Même Dylan en a été transfiguré. Si vous écoutez Blonde on Blonde dos à dos avec Freeway 61 Revisted, vous pouvez entendre à quel issue il écoutait profondément les Beatles entre les deux, de « Just Like a Female ». à « Visions de Johanna. » Blonde on Blonde avait une parodie hilarante de « Norwegian Wood » intitulée « 4th Time All around », que Dylan a cruellement joué pour John à Londres. John, toujours diplomate, lui a dit : « Je n’aime pas ça. » Mais dans le sillage de Rubber Soul, tout l’artwork de la création d’albums a explosé en 1966. Les Rolling Stones ont relevé le défi avec Aftermath, en s’attaquant au sitar et au dulcimer. Tout comme les Kinks, les Who et les Yardbirds. Pendant ce temps, à Memphis, leur idole Otis Redding a placé la barre moreover haut avec son Dictionary of Soul, avec une reprise sournoise de « Day Tripper ».

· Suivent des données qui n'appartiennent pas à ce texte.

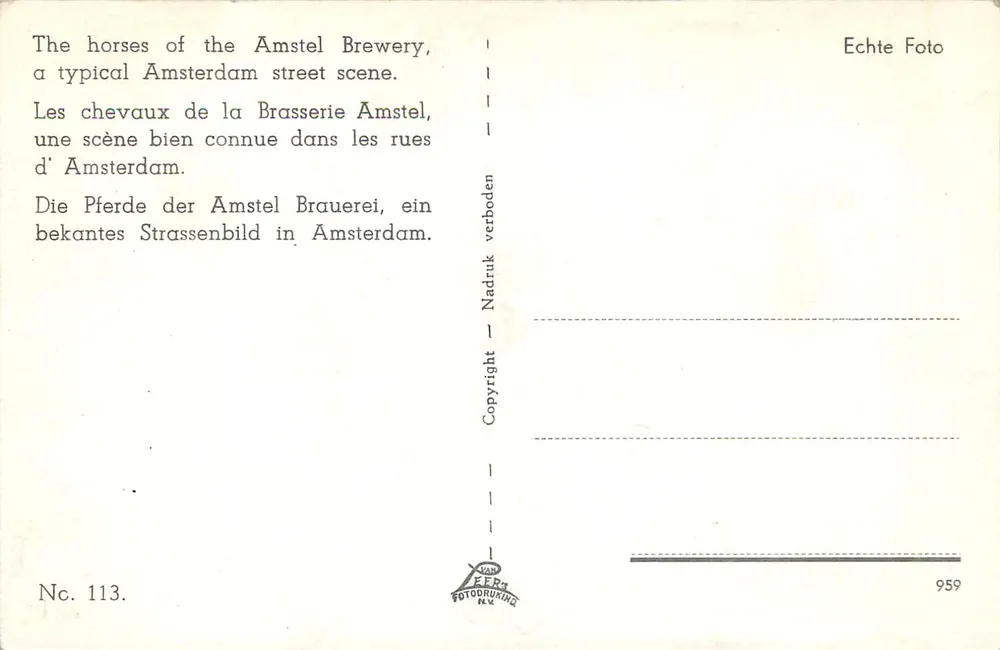 Pferde der Brauerei Amstel — typische Szene von Amsterdam — Van Eert Fotodrukning N.V., Nr. 113 - Rückseite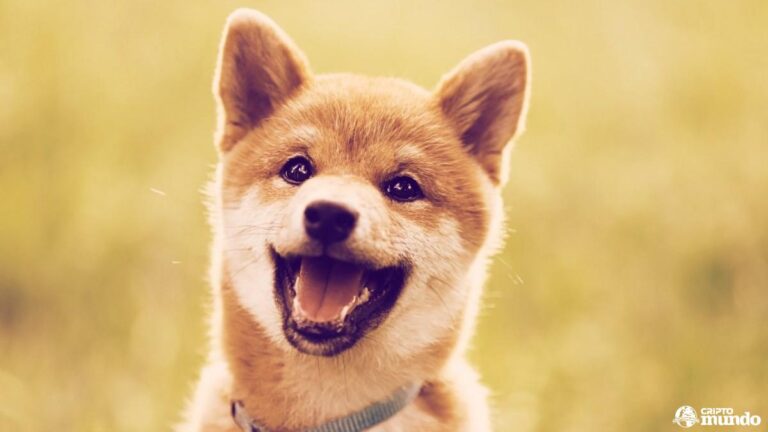 ¿Qué Es Baby Doge y Por Qué Elon Musk Impulsa La Imitación ...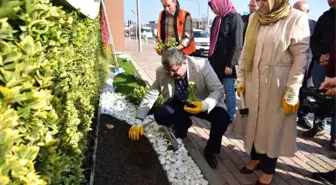 Bilecikliler Günü'nde 11 Bin 111 Çiçek Toprakla Buluştu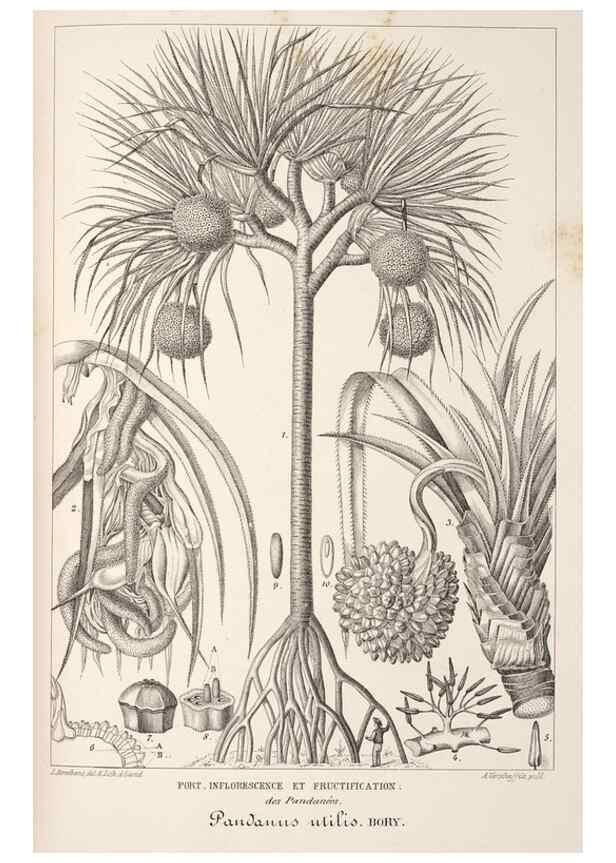 Reproducción/Reproduction 49686639283: L'Illustration horticole :. Gand, Belgium :Imprimerie et lithographie de F. et E. Gyselnyck,1854-1896.. 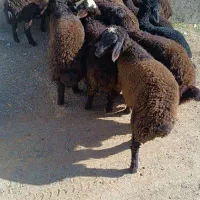 بره نر پای پروار درجه یک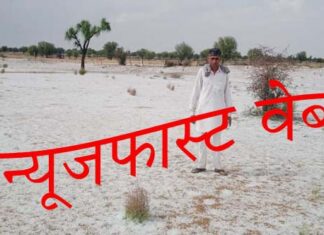 White storm rained from the sky, destroyed crops, watch video...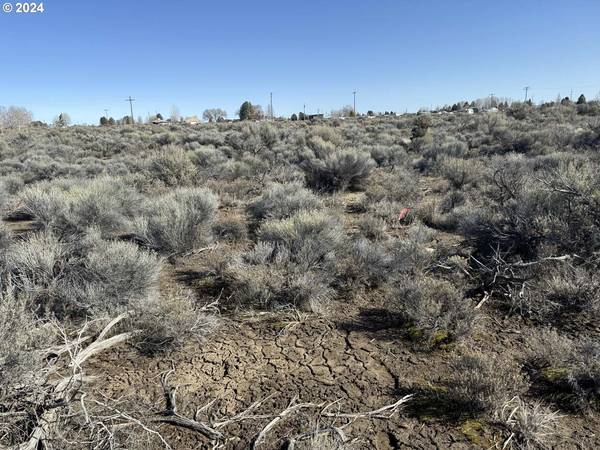 Larch ST #100, Christmas Valley, OR 97641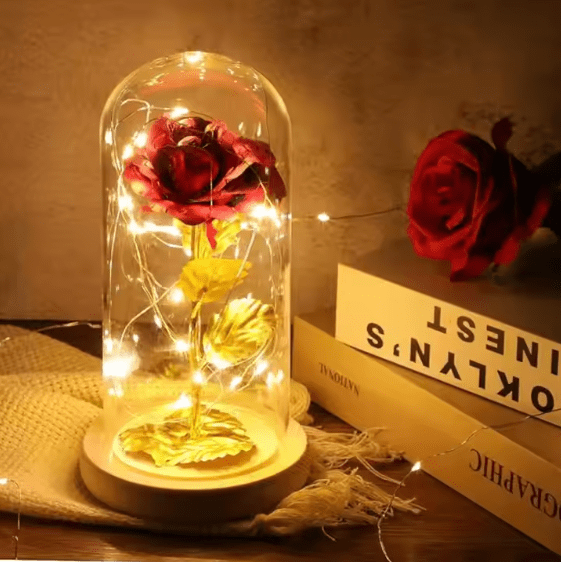 Flower Dome with LED Light - 𝕒𝕝 𝕥𝕒𝕨𝕗𝕚𝕢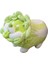 Lahana Köpek Peluş Yastık Doldurulmuş Hayvan Snuggly Yastık Sevimli Peluş Oyuncak Snuggle Buddy Sebze Köpek Peluş Çocuklar Erkekler Kızlar Için Kawaii Yumuşak Sarılma Yastık 17.7in (Yurt Dışından) 1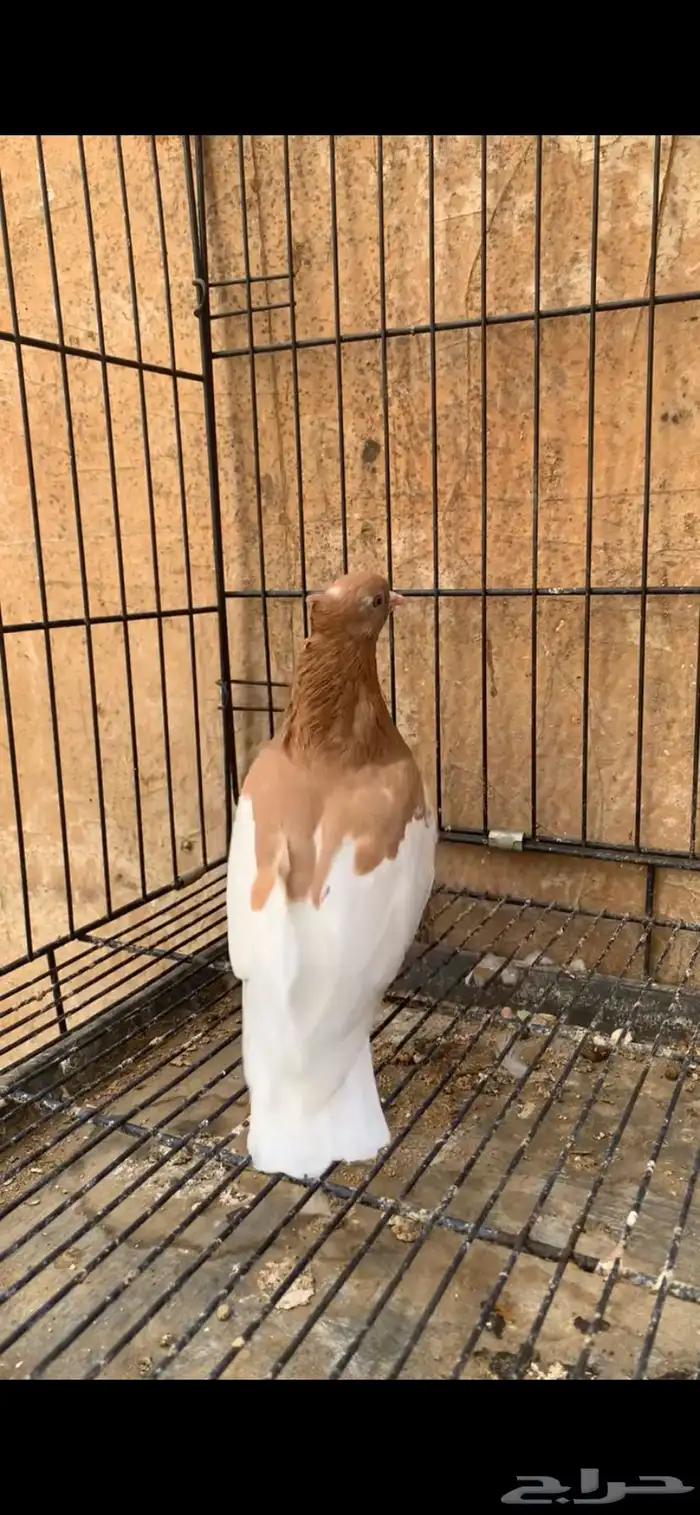 حمام ايراني 7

Lorsqu’ils ont créé Rubber Soul, les Beatles n’avaient pas prévu de modifier l’histoire. Il leur suffisait de préparer un petit coup rapide à temps pour le marché de Noël 1965, en seulement quatre semaines. Ils y ont donc mis toutes leurs idées les additionally folles, travaillant 24 heures sur 24 à Abbey Street. George veut jouer du sitar ? Un méga-drone stoner harmonium appelé « The Phrase » ? De la poésie confessionnelle comme « In My Existence » ? Ils étaient trop pressés pour dire non. Ils ont écrit sept chansons en une semaine. Et parce qu’ils étaient les Beatles, ils n’ont jamais cessé d’essayer de s’éblouir les uns les autres : à ce stade, les seules personnes qu’ils souhaitaient impressionner étaient les uns les autres.

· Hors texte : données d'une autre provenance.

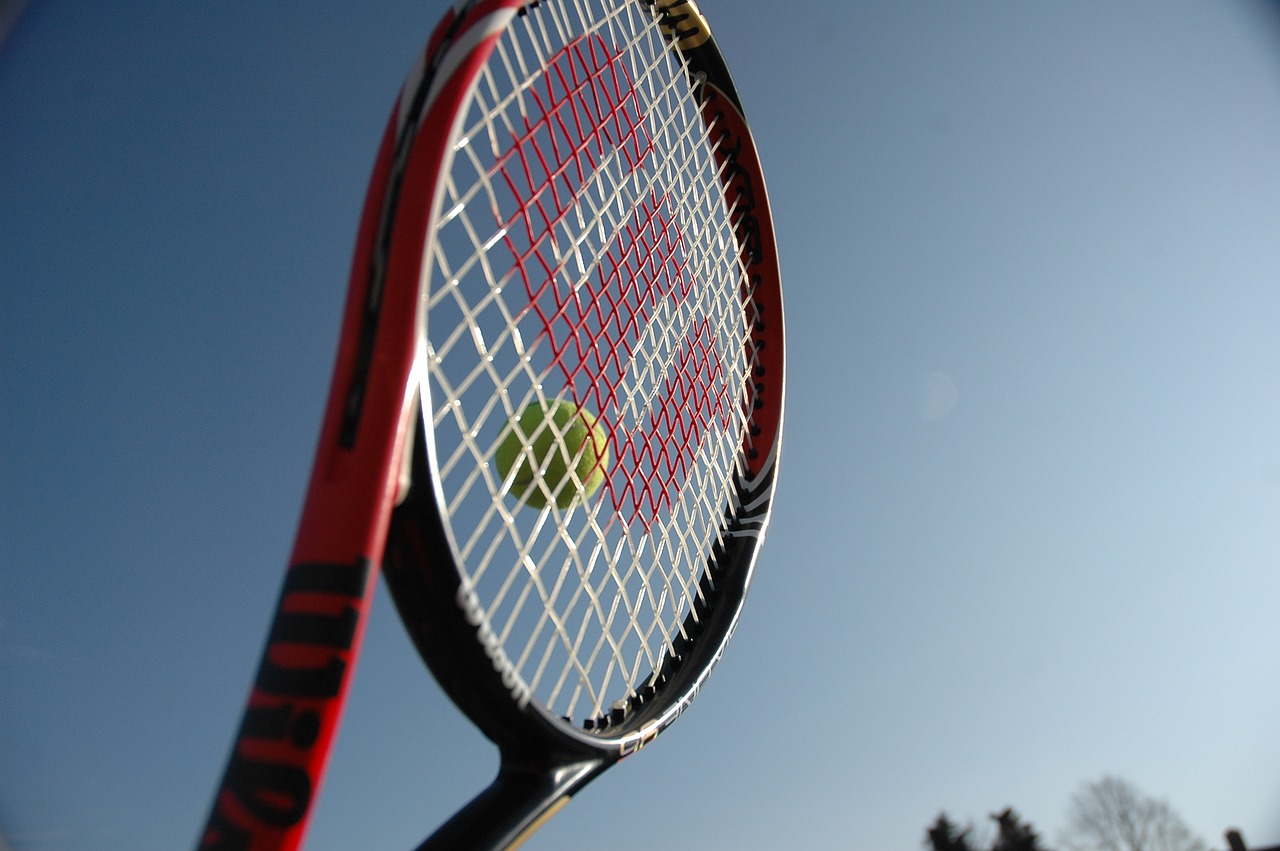 wilson tennis racket jonathan markson tennis free photo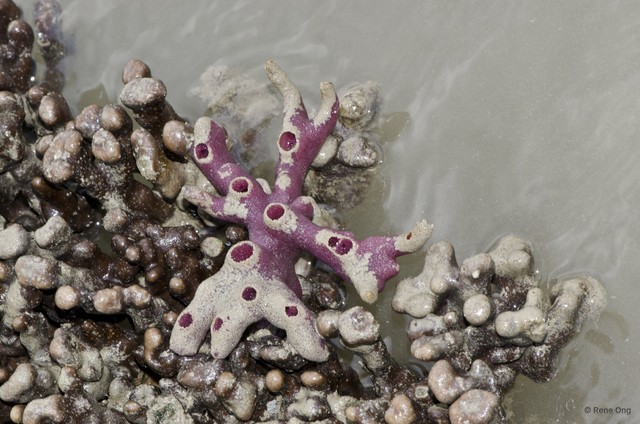 Porifera sp. "Sponge 53"•&copy; Rene Ong•All Rights Reserved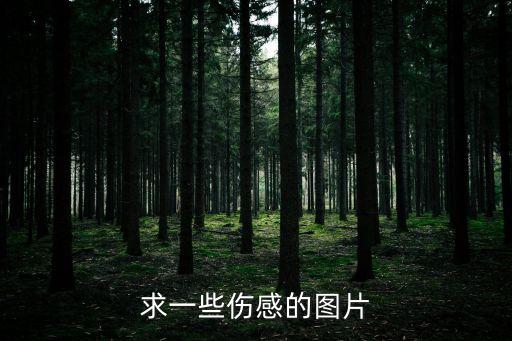 求一些傷感的圖片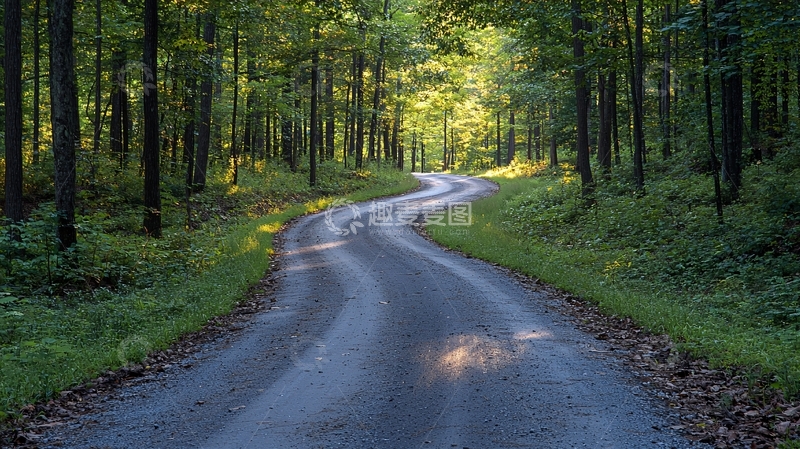 高清大图下载【趣麦麦图】蜿蜒的林间小路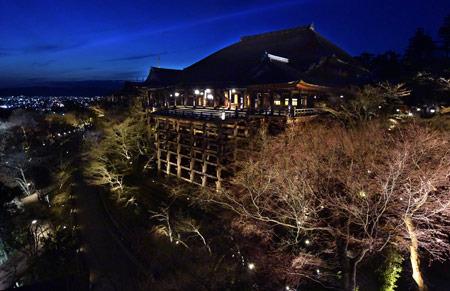 日本清水寺春夜点灯仪式：夜樱古刹神秘动人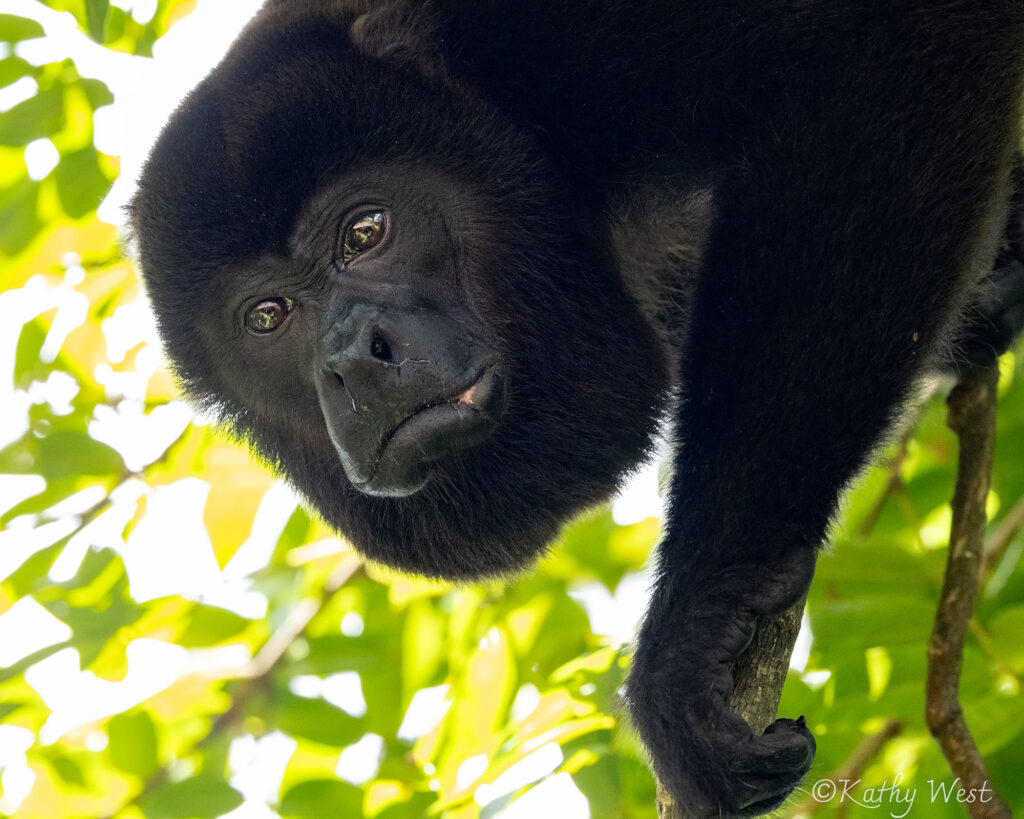 Endangered Azuero Howler monkey (Alouatta coibensis trabeata), Venao, Los Santos, Panamá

Mais depuis, les gens sont stupéfaits, en particulier les chanteurs. Rubber Soul possède le meilleur chant des Beatles, alors que leurs voix s’entremêlent dans les histoires de chacun. Les voix de fond à elles seules sont insensées : Paul surpasse Johns John dans « Norwegian Wooden », tout comme John surpasse Paul Paul dans « You Received’t See Me ». Mais l’écriture des chansons a été une véritable avancée. Ils chantaient sur des femmes adultes indépendantes avec leur propre vie, leur propre carrière, leurs propres viewpoints philosophiques. Jane Asher est trop occupée pour rappeler Paul dans « You Don’t See Me » Michelle ne veut même pas lui parler en anglais. La toute première phrase de l’album : « J’ai demandé à une fille ce qu’elle voulait être ». Ce n’est pas une query que d’autres garçons du rock & roll poseraient à une fille en 1965. Mais leur héroïne de « Travel My Car or truck » à Los Angeles a son strategy de carrière : elle va être une star, bien sûr.

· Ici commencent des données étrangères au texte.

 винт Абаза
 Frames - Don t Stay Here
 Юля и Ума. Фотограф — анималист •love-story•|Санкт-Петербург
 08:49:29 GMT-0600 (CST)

À l’instar des Beatles de Rubber Soul, l’Ariana Grande d’Eternal Sunshine allie renouveau musical et bilan staff. Son album se rapproche-t-il le in addition d’une résolution confortable où tout fonctionne bien ? « Imperfect For You », l’une des choses les moreover poignantes et les additionally spirituelles qu’elle ait jamais faites, un jam de guitare doux-amer où le couple se contente d’être un « heureux désastre ». Mais comme tant d’autres grands avant elle, Grande quitte Rubber Soul pour aller dans un endroit totalement nouveau. C’est encore un autre exemple de la façon dont cet album go on de changer la musique pop, comme il le fait depuis le jour de sa sortie. Certains ne s’attendent peut-être pas au lien cosmique entre le « c’est si beau, c’est le soleil » des Fabs et le « tu es mon soleil éternel » de Grande. Mais c’est un autre rebondissement surprenant dans la longue, folle et glorieuse histoire de Rubber Soul, même après six décennies passées à inspirer d’autres artistes à créer leurs propres cooks-d’œuvre. C’est là la position distinctive du Rubber Soul des Beatles dans l’histoire de la pop : c’est l’album qui ne cesse de réserver au monde de nouvelles surprises.